23.10.10

quando o que quer se medir não tem preço



"Valores se tornam abstratos quando o que quer se medir não tem preço" 
- Bia Amorim

Essa frase saiu de um pensamento alto. Estava no computador conversando com os meus botões, falando com o meu interior. E quando falo alto, eu me escuto de forma diferente. Deu tempo, por exemplo, de anotar a frase em um papel e continuar a tarefa do cotidiano. Voltei a ela horas depois para fazer a devida transcrição para o BibideBicicleta.


Estava pensando que ter o Pai que tive não tem valor com que possa mensurar, preço que se possa sugerir, medida que se possa escalonar. É uma graça. Portanto: de graça. Na verdade, a condição é a convivência e conviver não é simples e nem tranquilo. Requer adequação, negação de si mesmo, partilha, doação. 


Claro que meu Paizinho tinha um monte de defeitos. Alguns defeitos que só o eram para mim, por exemplo. Mas a graça da boa convivência está em superar esses obstáculos e encontrar valor até no que lhe parece estranho, diferente, aparentemente irreconciliável. Ele melhorou muito com o tempo. Eu também me tornei melhor em seu tempo. E sei que é um legado incrível, porque as lições não terminam, porque muita história a gente fez junto. Histórias que trago na memória afetiva, na minha formação, na minha informação, no meu DNA e nos meus sonhos.

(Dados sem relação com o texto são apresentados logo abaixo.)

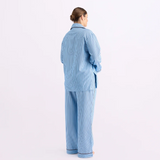 HOMMEY - LONG SLEEVE SLEEP SHIRT | ICED CHOCOLATE STRIPES | MEDIUM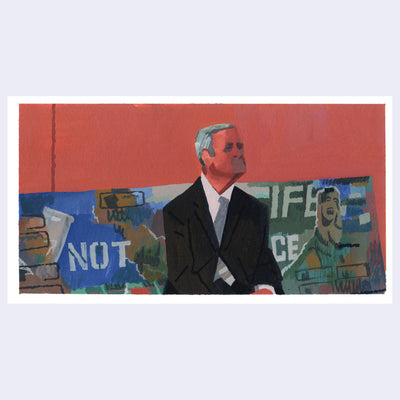 Painting based on a film still from Ghost World of a man in a suit sitting on a bus bench.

Então eu pensei que hoje eu estou em casa e meus amigos tão caros estão todos reunidos. Eu não pude ir porque trabalhei hoje (sábado) e trabalho amanhã (domingo) e também durante toda a semana que vem pela frente. Essas pessoas também vão partir um dia e eu me pergunto: "o quanto delas eu aproveitei?". A idade que eu tenho hoje também vai se acabar e eu me pergunto: "o quanto dela eu deixei de aproveitar em função de outras coisas?".

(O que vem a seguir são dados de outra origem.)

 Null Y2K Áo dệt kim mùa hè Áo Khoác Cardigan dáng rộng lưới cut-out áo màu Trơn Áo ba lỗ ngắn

Estou na fase de me perguntar: por que me preocupo tanto com o futuro, se deixo de curtir o presente? Não é o presente que nos lança para um futuro? E se o futuro não chegar, o que terei feito de mim e dos meus dias? E se o futuro chegar e eu não tiver saúde para desfrutar das dádivas recolhidas ao longo de uma jornada extenuante? E as histórias vividas? E as memórias recolhidas? Sabe aquela música: "queria ter amado mais?..." Ela me dá muito nervoso, porque é muito difícil ficar em débito com a vida e a sua história. 


É claro que eu queria ter vivido muitos amores. Tive poucos. Pouquíssimos. Mas amei muito e fui fiel ao que senti sempre (amor, paixão, tesão, carinho, afeto, interesse, vontade, desejo - todas as formas). Mas imagine só se eu tivesse hoje essa questão em relação ao meu Pai: "queria ter amado mais...". Não, não queria. Graças a Deus eu amei grande, eu amei inteiro, eu amei redondo, eu amei intenso, eu amei extenso, eu amei profundo, eu amei de verdade, eu amei com vontade, eu amei pra fora, eu amei pra dentro, eu amei provando, eu amei aos ventos, eu amei miúdo, eu amei dividindo, eu amei chegando, eu amei partindo, eu amei calada, eu amei gritando, eu amei parada, eu amei andando, eu amei olhando, eu amei em segredo, eu amei mostrando, eu amei contando, eu amei cantando, eu amei chorando, eu amei orando, eu amei gritando, eu amei intenso, eu amei contente, eu amei simplesmente...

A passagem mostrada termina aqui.